Die in diesem Themenheft versammelten Beiträge zeigen, dass die Fotokampagnen einer ganz besonderen Dialektik von Ordnungen unterliegen: der Verfügbarkeit und Limitation, der Markierung und Isolation, der Sichtbar- und Unsichtbarmachung sowie der politischen Instrumentalisierung und kulturellen Popularisierung. Mit den nach Plan hergestellten Bildkonvoluten ging eine Idee einer weitreichenden Konstruktion von Wirklichkeit und eine Strukturierung von Sehweisen einher, die sich bis heute in die Foto-Objekte eingeschrieben haben: „Bilder zeigen nicht nur das, was sie zeigen, sondern auch, wie sie zeigen, was sie zeigen […].“[9] Fotokampagnen können nicht ohne eine differenzierte Betrachtung ihrer ideologischen Entstehung und politischen Dimension analysiert werden.[10] In ihrer historischen Dimension sind sie in einem hohen Maße mit Prozessen der Nationsbildung verbunden und verweisen dabei gleichzeitig auf die Utopie einer enzyklopädischen Vermess- und Erfassbarkeit der Welt, die mit dem Medium verbunden war.[11] Die Beiträge dieses Hefts nehmen komplexe Entstehungs- und Verwertungskontexte von in Kampagnen entstandenem Bildmaterial in den Blick und legen damit letztlich auch ein fotografisches Wettrüsten des Zeigens, Verzeichnens und Aneignens offen.
Vier Beiträge, die thematisch sehr unterschiedlich ausgerichtet sind, kreisen um eine großzügig angelegte Zeit um 1900 und sind vor diesem Hintergrund durchaus vergleichbar: Ute Dercks kontextualisiert und analysiert Fotokampagnen aus der Zeit der urbanistisch und stadtgesellschaftlich bedeutenden Umstrukturierung in Florenz, Lucia Halder und die Künstlerin Kiri Dalena setzen sich in einem experimentellen Dialogformat mit dem visuellen und materiellen Erbe von Kolonialkampagnen (und deren bis heute andauernden Nachwirkungen) auseinander. Franziska Lampe behandelt den Wettkampf um Reproduktionen in Museumskampagnen am Beispiel des Bruckmann Verlags. Und Franziska Scheuer stellt die frühen von Albert Kahn in Farbe aufgenommen Kampagnen vor, die der utopischen Idee folgten, den gesamten Planeten in Bildern zu zeigen. Hubert Locher geht hingegen einer zeitgeschichtlichen Fährte nach und diskutiert das schwierige Erbe von Fotokampagnen nach dem Zweiten Weltkrieg. Ein Gespräch mit dem Kampagnen-Team von Foto Marburg thematisiert schließlich die Praxis und Herausforderungen des Hier und Jetzt und wagt einen orakelnden Blick in die Zukunft mit dem Umgang von (digitalen und analogen) Fotokampagnen. An das Ende dieses Themenheftes ist bewusst eine Art aktueller Gegen-Blick gesetzt. Während es in allen bisherigen Beiträgen um das Erfassen, Einfangen und Abbilden ging, blicken wir in den Fotografien des ukrainischen Fotografen Yurii Stefanyak auf leere Museumswände und Vitrinen – und damit in die Gegenwart. Die Kunstobjekte wurden zum Schutz vor Bombenangriffen im russischen Angriffskrieg evakuiert.[12]

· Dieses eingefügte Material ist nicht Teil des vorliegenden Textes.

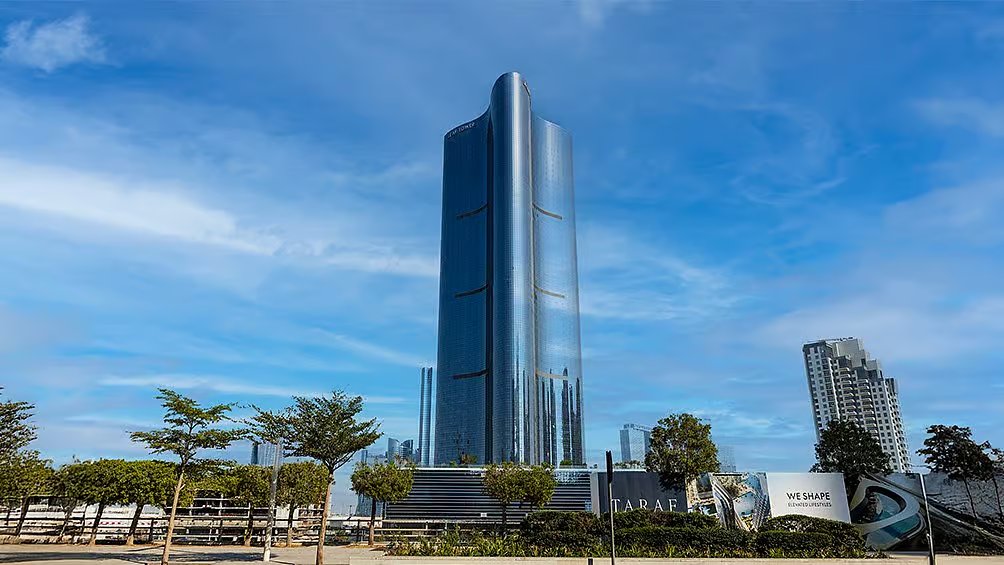 Investor confidence in Abu Dhabi holds firm with record real estate activity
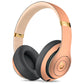 Beats Studio3 Wireless Textured Matt Peach Skins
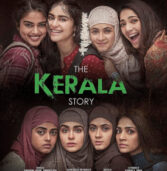 बंगाल के सिनेमाघरों से गायब है ‘द केरल स्टोरी’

Die Beiträge dieses Heftes möchten zu weiteren Forschungen einladen und machen deutlich, dass die ‚klassischen‘ kunsthistorischen Fotokampagnen nicht in einem luftleeren Raum entstanden sind, sondern in einem wechselnden gesellschaftlichen und politischen Umfeld zu situieren sind, der die Verwendungsweise der Bilder und eine damit verbundene Historizität des Sehens wesentlich mitbestimmte. Je nach Perspektive und Anliegen bewegten und bewegen sich Fotokampagnen zwischen Kanon, Kommerz und Kritik, zwischen methodischem Instrumentarium und Dokumentation, zwischen dem Anspruch nach Demokratisierung und Popularisierung auf der einen Seite, oft aber auch Gewalt und Exzess auf der anderen Seite.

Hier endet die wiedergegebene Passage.